第1弾はトカラ列島の温泉、第2弾は朝日と夕日、そして第3弾は神社。この3つは何の関連性もないようだが、トカラ列島を旅して印象的だったものをテーマとして取り上げている。さらに、7つの有人島のうち4つを巡ったなかで、全ての島に存在しているものであったり、全ての島で自分自身が体験したものという条件でテーマを決めている。
トカラ列島にあった神社は沖縄の新城島や波照間島などで見た御嶽のような場であった。やはりこういった島では似てくるのだろう。大きな社(やしろ)というか本殿のような建物があるわけではなく、小さな祠(ほこら)がある。その神社は御嶽と同様に人の目につかないところにある神社も多かった。うっそうとした木々の中に小さな鳥居があり、本殿は高さ50cmほどの小さな小さな建物の中に貝、お米などがあるぐらい。
やはりこういった島では神なのである。島にある神は、いわゆる宗教とは違った感じがする。いわゆる宗教とはイスラム教やキリスト教のこと。これらは人々が生きる上での大きな幹となっている。一方でこういった島での神は祈りの対象であったり、感謝の対象といった感じがする。日本における仏教と似た役割を果たしていそう。
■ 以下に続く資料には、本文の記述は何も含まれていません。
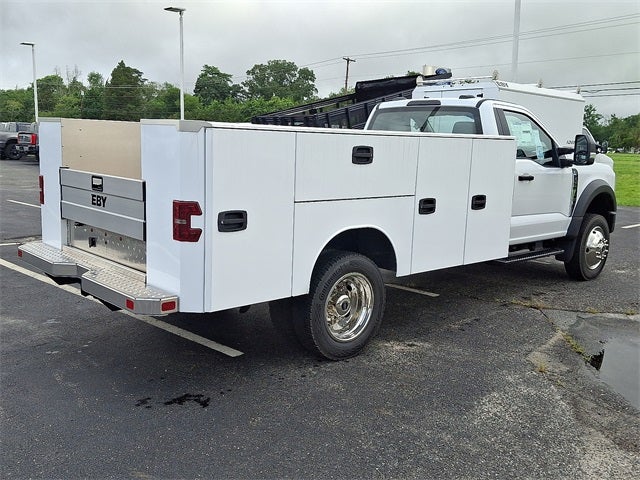 2025 Ford F-550SD XL Utility Body Work Truck DRW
まあ、宗教とか神とかについて何も知らないのにこんな事を言っていますが、そんな風に感じたということです。こういった島で自然発生的にできた神は祈りの対象であり感謝の対象である。いわゆる宗教のように教典があって戒律があってというわけではない。そこに大きな違いがあるんじゃないかと思っています。それにしても最近は土着の神とかお祭りなどの儀式に非常に興味がある。
そんな興味もあってトカラ列島に行ったのでおっちゃんとかに話しを聞いたり、家においてある十島村誌という辞書のような分厚い本を読ませて頂いたりした。ひとつ印象に残っている話しが、悪石島のおっちゃんに聞いた話し。トカラの島々には専業の神主がいない。神主だけを仕事にして食べている人がいない。だから神(の役割)は島民が持ち回りで順番にやることになる。普段から知っている近所の人や自分が神になるのだけれど、いつもの姿のままだと神との違いがない。そこでいつもの島民と神との違いを明確にするために、神を演ずるときは徹底的に変装するのだと。そんな意味も悪石島のボゼには込められていると。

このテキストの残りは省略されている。